Japan, China foreign ministers meet for 1st time amid strained ties

The foreign ministers of Japan and China met for the first time Saturday in the South Korean port city of Busan to discuss ways to stabilize the countries' strained ties, with Japan's top diplomat seeking to lift Beijing's total ban on seafood imports from Japan.

The talks between Yoko Kamikawa, who became Japanese foreign minister in September, and Wang Yi follow a meeting of the countries' leaders in San Francisco last week, with the two sides trading barbs over the ocean discharge of treated radioactive water from the crippled Fukushima Daiichi nuclear power plant.

At the summit, Japanese Prime Minister Fumio Kishida and Chinese President Xi Jinping agreed to hold expert consultations on the water release and build "mutually beneficial" relations based on common strategic interests.

Wang called for independent monitoring of the wastewater discharge in his talks earlier this week in Beijing with Natsuo Yamaguchi, leader of Komeito, the junior partner in Japan's ruling coalition.

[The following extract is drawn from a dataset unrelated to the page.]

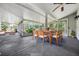 Outdoor patio with seating area and a dining table under a screened roof at 614 Fayette S Dr, Safety Harbor, FL 34695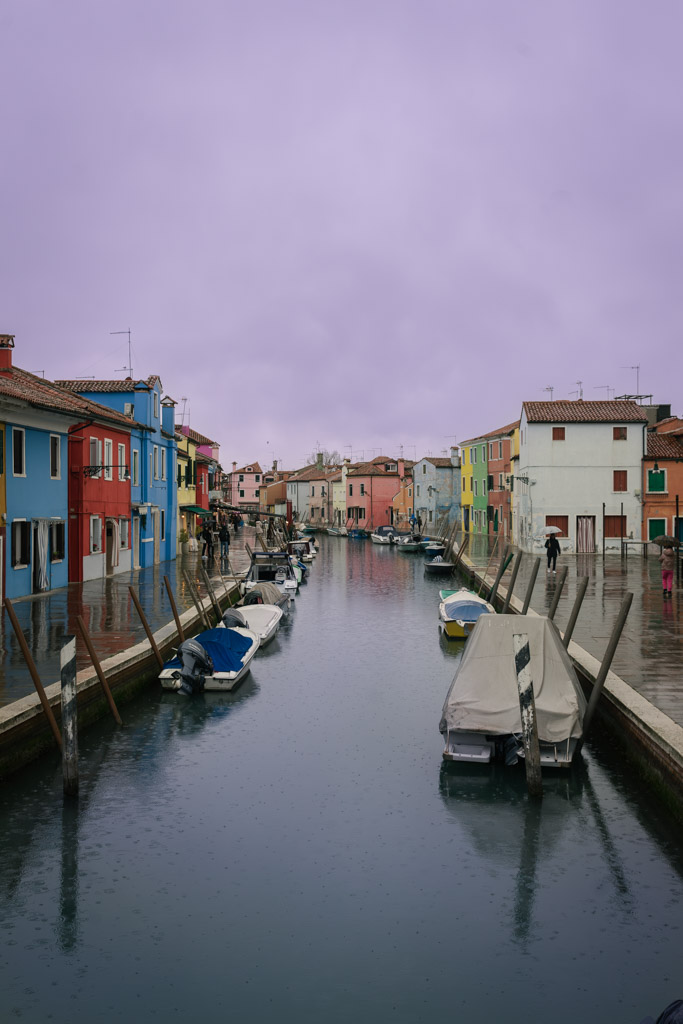 Barcas ancladas en un canal de Burano rodeado de casas de colores, en una excursión de Murano y Burano en un día.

The water release that began in late August prompted Beijing to impose the seafood import ban.

Kamikawa and Wang met ahead of talks in Busan on Sunday with South Korean Foreign Minister Park Jin, in what will be the first trilateral meeting of the countries' foreign ministers since 2019.

In her talks with Wang, Kamikawa is also expected to seek the early release of Japanese nationals detained in China for alleged espionage, as well as the removal of a buoy installed by Beijing within Japan's exclusive economic zone near the Senkaku Islands in the East China Sea.

China, which claims the islands and calls them Diaoyu, repeatedly sends ships into Japanese waters around the Senkakus.